-- Task input --
=== Begin Enclosure ===

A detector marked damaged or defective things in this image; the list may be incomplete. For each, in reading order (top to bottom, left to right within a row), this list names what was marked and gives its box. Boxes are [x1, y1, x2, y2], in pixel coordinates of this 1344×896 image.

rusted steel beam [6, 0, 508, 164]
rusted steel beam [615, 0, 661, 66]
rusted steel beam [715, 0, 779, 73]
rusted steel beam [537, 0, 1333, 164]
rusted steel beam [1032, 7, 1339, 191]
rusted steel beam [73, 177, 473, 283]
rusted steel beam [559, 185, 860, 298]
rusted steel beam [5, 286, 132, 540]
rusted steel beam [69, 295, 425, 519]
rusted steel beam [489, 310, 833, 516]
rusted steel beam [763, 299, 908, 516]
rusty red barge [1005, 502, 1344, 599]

=== End Enclosure ===
=== Begin Enclosure ===

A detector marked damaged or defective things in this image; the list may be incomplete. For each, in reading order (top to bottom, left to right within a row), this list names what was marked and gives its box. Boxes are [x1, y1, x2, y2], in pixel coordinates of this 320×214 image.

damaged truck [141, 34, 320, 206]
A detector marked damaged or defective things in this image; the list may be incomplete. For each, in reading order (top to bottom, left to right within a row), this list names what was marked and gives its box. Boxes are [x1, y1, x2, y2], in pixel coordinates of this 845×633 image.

=== End Enclosure ===

-- Work required --
From the listing above, the lines starting with the one that has "this 320×214 image." and running through the one that has "this 845×633 image." should be copied exactly, ends included.

-- Response box --
A detector marked damaged or defective things in this image; the list may be incomplete. For each, in reading order (top to bottom, left to right within a row), this list names what was marked and gives its box. Boxes are [x1, y1, x2, y2], in pixel coordinates of this 320×214 image.

damaged truck [141, 34, 320, 206]
A detector marked damaged or defective things in this image; the list may be incomplete. For each, in reading order (top to bottom, left to right within a row), this list names what was marked and gives its box. Boxes are [x1, y1, x2, y2], in pixel coordinates of this 845×633 image.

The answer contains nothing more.